What the Claude Code Source Leak Reveals About Agent Infrastructure
Last week, 512K lines of Claude Code’s TypeScript showed up in an npm package. The internet focused on the drama. I focused on the architecture.
The short version: three layers of safety infrastructure, zero layers of quality infrastructure. That asymmetry is more telling than anything else in the codebase.
The Hooks System
The most immediately useful thing in the leak is the hooks protocol. The documentation at code.claude.com describes hooks, but in limited terms — enough to know they exist, not enough to build on them confidently. Reading through the source, I counted 31 lifecycle events across four types (command, prompt, agent, http).
The key events are:
PreToolUse— fires before any tool executesPostToolUse— fires after completion, with the resultStop— fires when the agent decides to stopTaskCompleted— fires when a task finishesPreCompact— fires before context compressionSessionStart— fires when a session begins
The protocol is simple. Claude Code writes a JSON object to your hook’s stdin:
{
"session_id": "abc123",
"transcript_path": "/path/to/transcript.jsonl",
"tool_name": "Write",
"tool_input": { "file_path": "...", "content": "..." }
}Exit 0 to allow. Exit 2 to block — and anything you write to stderr gets fed back to the model as context. That feedback loop is the lever. The model doesn’t just get blocked; it gets an explanation it can reason about.

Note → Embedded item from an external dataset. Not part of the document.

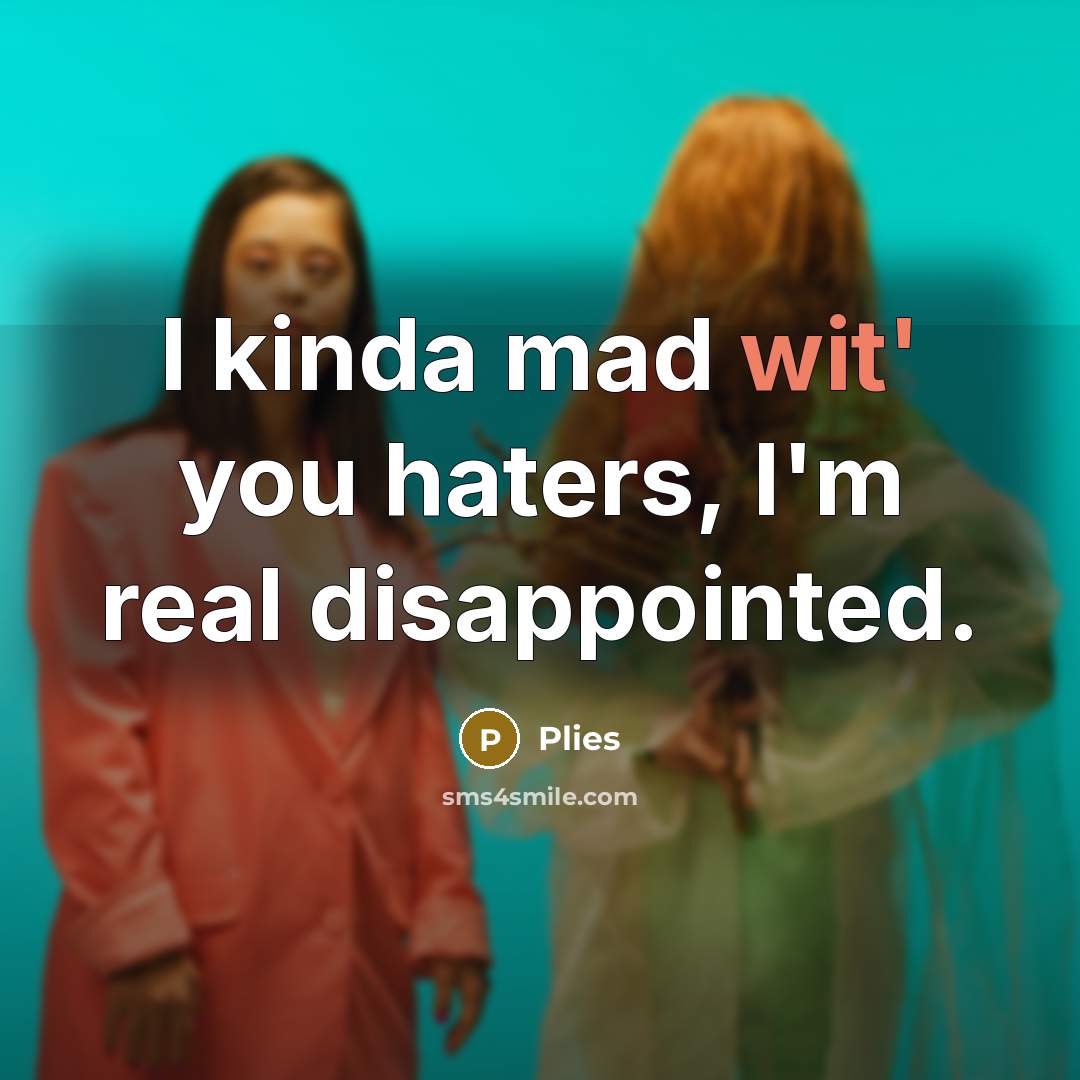 “I kinda mad wit' you haters, I'm real disappointed.…” quote by Plies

I had been building hooks on partial documentation and educated guesses about what the stdin payload contained. When I read the actual source, I had gotten some fields right and invented others that didn’t exist. The transcript_path field was the surprise — you get a path to the full JSONL transcript right there in PreToolUse. That means a quality gate can read everything the model has done and said in the current session before deciding whether to allow the next tool call.

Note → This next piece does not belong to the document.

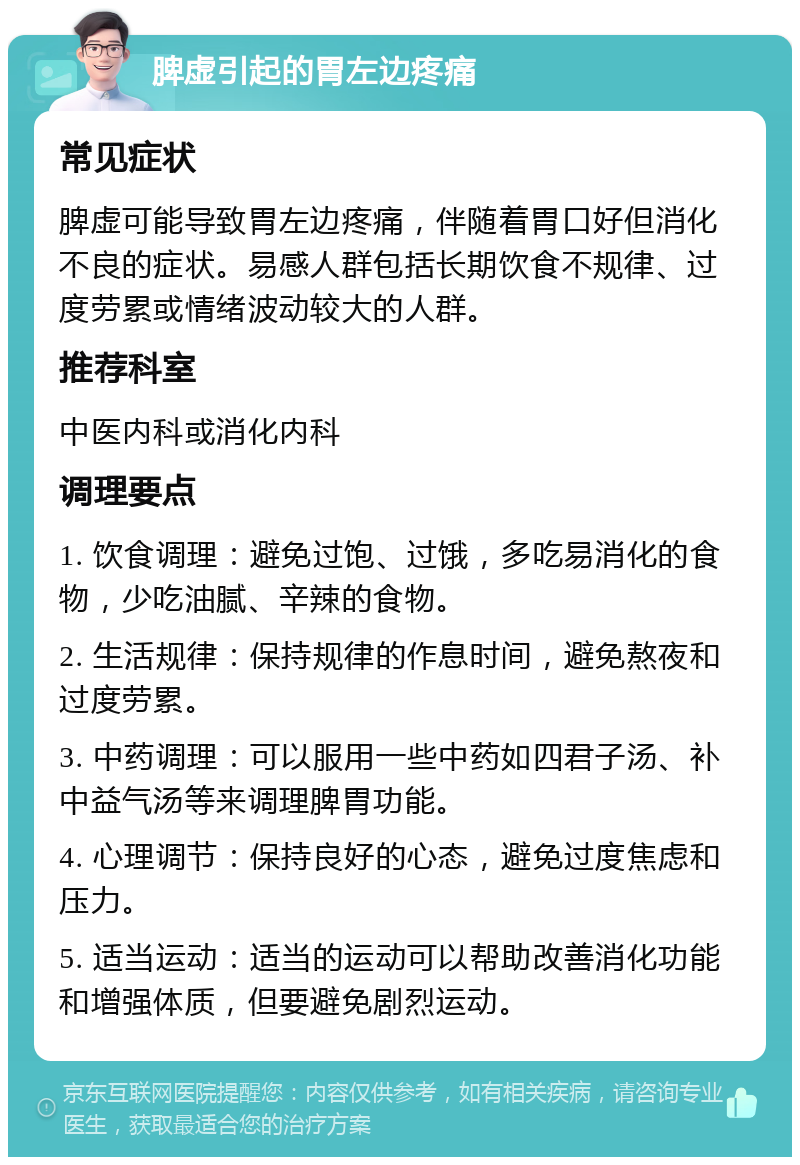 脾虚引起的胃左边疼痛 常见症状 脾虚可能导致胃左边疼痛，伴随着胃口好但消化不良的症状。易感人群包括长期饮食不规律、过度劳累或情绪波动较大的人群。 推荐科室 中医内科或消化内科 调理要点 1. 饮食调理：避免过饱、过饿，多吃易消化的食物，少吃油腻、辛辣的食物。 2. 生活规律：保持规律的作息时间，避免熬夜和过度劳累。 3. 中药调理：可以服用一些中药如四君子汤、补中益气汤等来调理脾胃功能。 4. 心理调节：保持良好的心态，避免过度焦虑和压力。 5. 适当运动：适当的运动可以帮助改善消化功能和增强体质，但要避免剧烈运动。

That changes what’s possible. Before I thought hooks were input interceptors. They’re actually full session observers.
Three Layers for Safety
The permission system is where the engineering investment shows. It runs three distinct layers.
Static layer: feature flags, deny rules, file protection patterns. These are evaluated before any model call. If a path matches a protected glob, the action never reaches the model for consideration.
Dynamic layer: risk classification. Every potential action is scored LOW, MEDIUM, or HIGH before execution. The classification logic is explicit in the source — file writes in the project tree are lower risk than writes outside it; shell commands are scored on a combination of the command name and argument patterns.
ML layer: the codebase calls it the “YOLO classifier.” A fast model auto-approves actions it has classified as low-risk, avoiding the latency of asking the user for every trivial file read. It’s a confidence-based auto-approval loop: below a risk threshold, no human in the loop.
Shamsujjoha et al. (2024) described exactly this architecture in the abstract — a “Swiss cheese model” for AI safety, where multiple independent layers each catch failure modes that slip through the others [arXiv:2408.02205]. What’s notable is that Claude Code implements this not as a research exercise but as shipped production infrastructure. The layers are real, they run in sequence, and they have distinct failure modes.
This is mature safety engineering. Parasuraman, Sheridan, and Wickens (2000) established the theoretical basis for multi-level automation decades ago — the idea that different oversight mechanisms should operate at different levels of abstraction [DOI:10.1109/3468.844354]. The permission system is this applied to AI tools: static rules catch the obvious cases, dynamic classification handles context-sensitivity, and the ML classifier handles throughput at scale.
Zero Layers for Quality
Here’s the asymmetry. Every component in the permission system answers the same question: Is this action safe to execute? None of them ask: Is this output actually correct?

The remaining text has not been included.